----- Source material -----

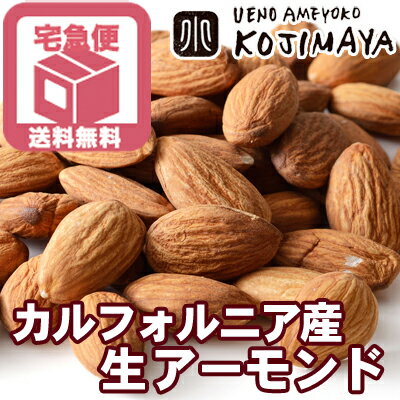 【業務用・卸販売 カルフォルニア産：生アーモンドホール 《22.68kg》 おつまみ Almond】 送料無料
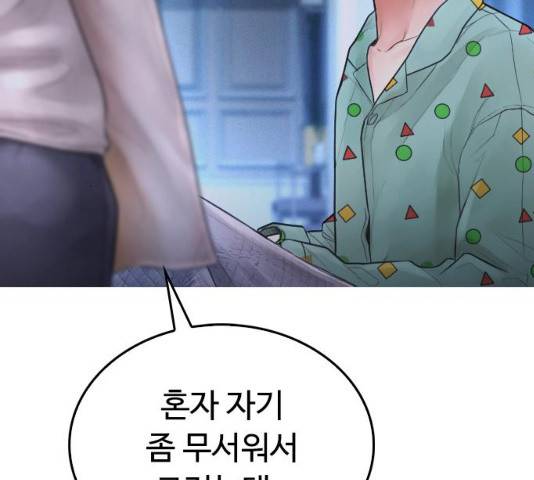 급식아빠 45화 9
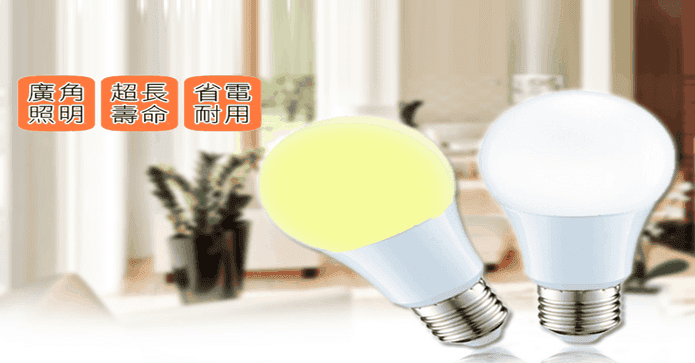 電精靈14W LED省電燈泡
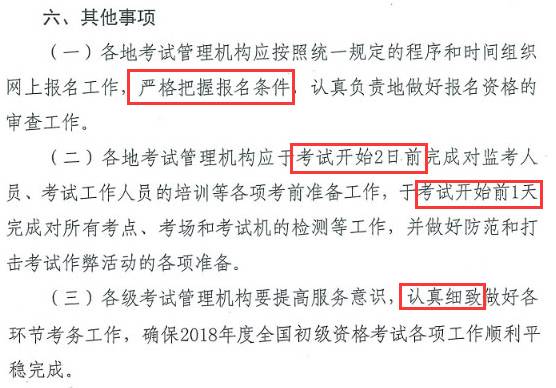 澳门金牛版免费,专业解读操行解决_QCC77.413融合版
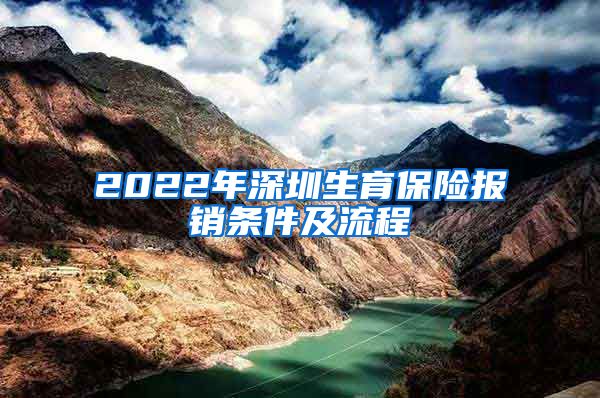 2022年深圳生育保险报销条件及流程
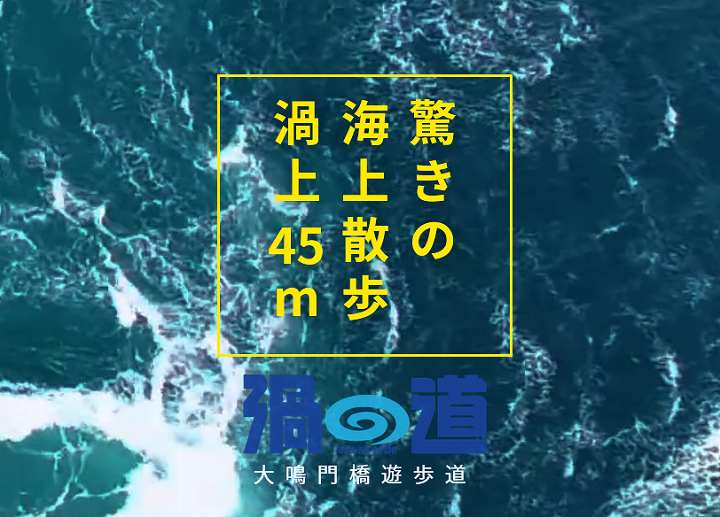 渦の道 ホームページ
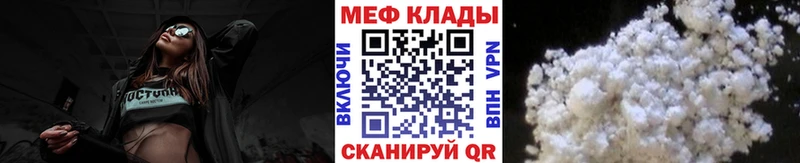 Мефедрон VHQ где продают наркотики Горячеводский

-----
----- Source material -----

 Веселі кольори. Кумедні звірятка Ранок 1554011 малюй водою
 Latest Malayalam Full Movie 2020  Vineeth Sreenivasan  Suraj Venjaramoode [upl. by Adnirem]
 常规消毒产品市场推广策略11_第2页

-----
----- Source material -----

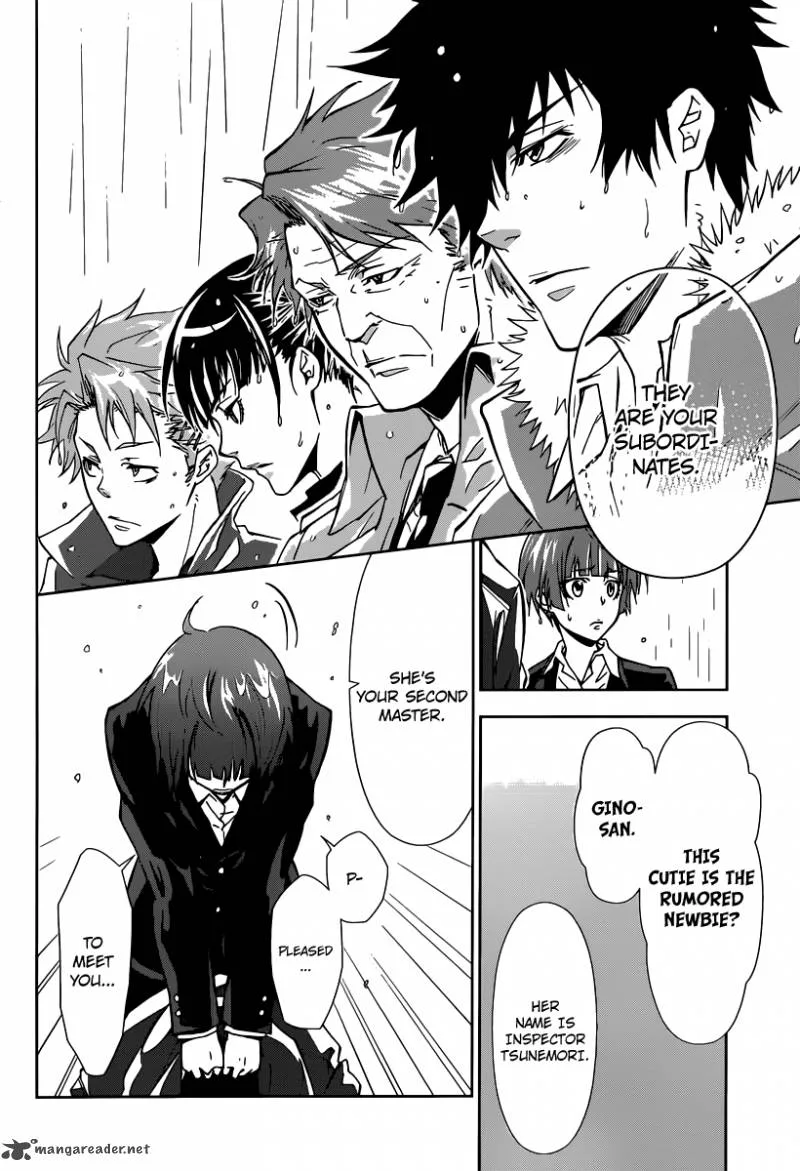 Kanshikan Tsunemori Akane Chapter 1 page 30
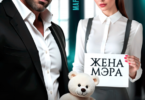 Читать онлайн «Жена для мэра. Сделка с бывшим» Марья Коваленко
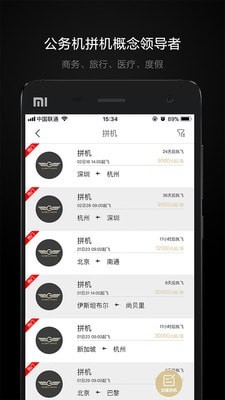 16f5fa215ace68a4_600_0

-----

Work instruction —
Go to the line above holding "おつまみ Almond】 送料無料", then copy exactly each line down to and including the one holding "Мефедрон VHQ где", leaving pictures out.

Your solution —
 【業務用・卸販売 カルフォルニア産：生アーモンドホール 《22.68kg》 おつまみ Almond】 送料無料
 급식아빠 45화 9
 電精靈14W LED省電燈泡
 澳门金牛版免费,专业解读操行解决_QCC77.413融合版
 2022年深圳生育保险报销条件及流程
 渦の道 ホームページ
 Мефедрон VHQ где продают наркотики Горячеводский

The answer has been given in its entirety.